2) To develop/adopt advanced 4DCFD solvers based on Multi-block Grid (MBG), URANS and HURANSLES models for fluid-structure interaction (FSI) for single blades and whole rotors (4DCFD+FSI).
3) To develop fast and effective physics-based goal driven multi-disciplinary design optimization (MDO) methods for the aerodynamic and structural dynamic design optimization (ADO+SDO) of wind turbine blades and rotors (4DCFD+FSI+MDO).
4) To perform MDO to maximize power output and minimize material use for blades and rotors while maintaining their structural integrity using the developed system.
Scientific novelty and significance
The following key points highlight the novelty of the project:
1) Multi-block grid (MBG) 4DCFD approach with rotating and stationary meshes, URANS, HURANLES for whole rotor aerodynamic simulation: this approach is rarely attempted by researchers worldwide
2) The above advanced 4DCFD approach with Fluid Structure Interaction (FSI) using Arbitrary-Lagrangian Eulerian (ALE) method inside the rotating mesh round the rotor for fluid and structure interaction through our dynamic mesh approach , advanced URANS and HURANSLES models (simply called 4DCFD+FSI) on HPC platforms: completely new attempt
3) 4DCFD are integrated with 3D modeller and physics-based aerodynamic design optimizer (ADO) for rigid blades and rotors (4DCFD+ADO): we have currently trying this, new attempt 
4) 4DCFD+FSI are integrated with 3D modeller and physics-based aerodynamic design optimizer (ADO) for rigid blades and rotors (4DCFD+FSI+ADO): completely new attempt ]

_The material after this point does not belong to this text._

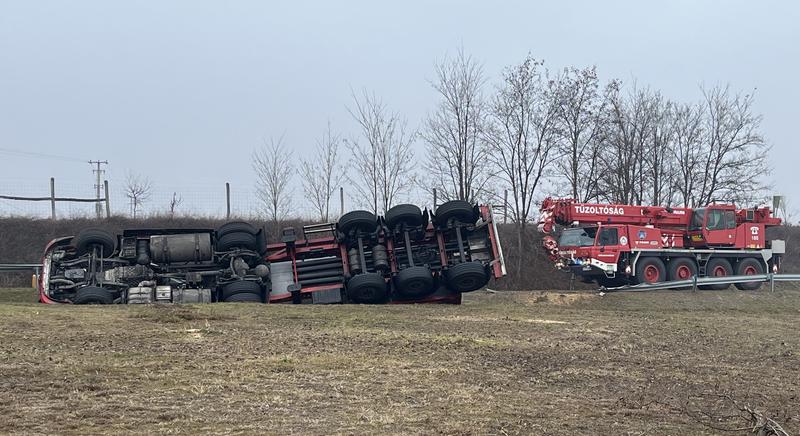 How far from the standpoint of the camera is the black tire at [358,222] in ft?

5) 4DCFD+FSI+ADO are coupled with Structural Design Optimizer (SDO) to perform multi-disciplinary design optimization for maximum power output with minimum material use while maintaining structural integrity (4DCFD+FSI+MDO): completely new attempt
This project will generate new knowledge and develop cutting edge technologies which will provide greater insight into the highly complex flow physics around wind turbines and change the way engineers design the next generation of wind turbines.